Cos'è il fondo di emergenza e a cosa serve
Il fondo di emergenza è una somma di denaro liquida, separata dal resto dei propri risparmi, pensata per coprire spese impreviste o per sostenere le spese ordinarie in un periodo in cui le entrate si riducono o si interrompono. Non è un investimento e non è un risparmio per un obiettivo futuro: è una riserva di protezione.

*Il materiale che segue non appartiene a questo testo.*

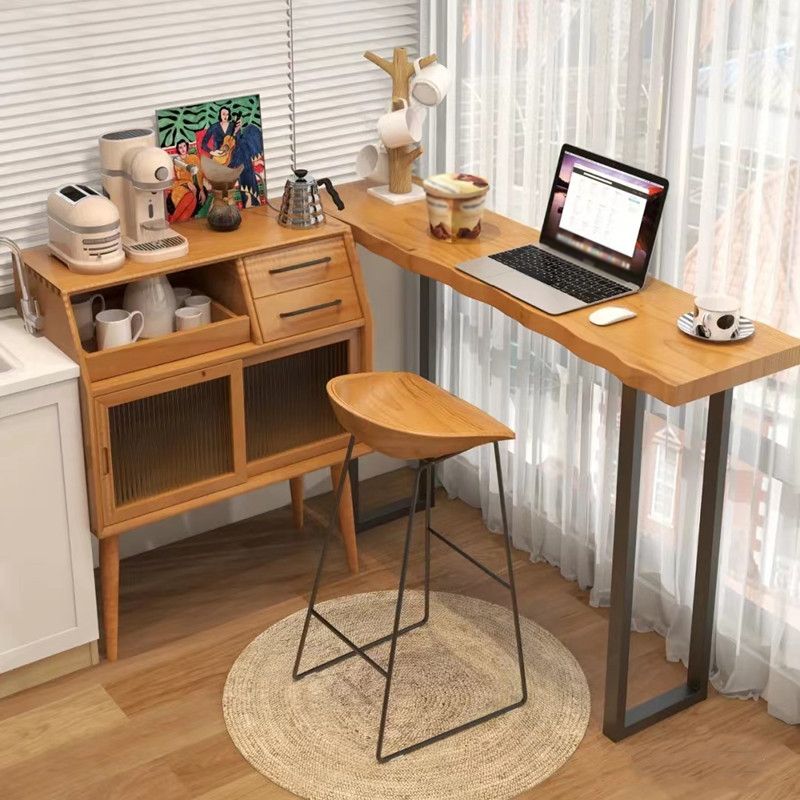 Rectangle Bar Dining Table Contemporary Wood Bar Table with Black Sled Base Clearhalo 'Bar Furniture' 'Bar Tables' 'bar_tables' 'furn' 'furn_bar_tables' 'Furniture' 'Kitchen & Dining Furniture' 1200x1200_59c9e20c-375f-4018-9a4c-92bcd27847df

La sua utilità principale è evitare di dover prendere decisioni affrettate sotto pressione. Senza liquidità disponibile, un'emergenza porta spesso a soluzioni costose: prelevare con la carta di credito, chiedere un prestito, liquidare un investimento nel momento sbagliato. Con un fondo adeguato, si ha il tempo e la calma per valutare le opzioni.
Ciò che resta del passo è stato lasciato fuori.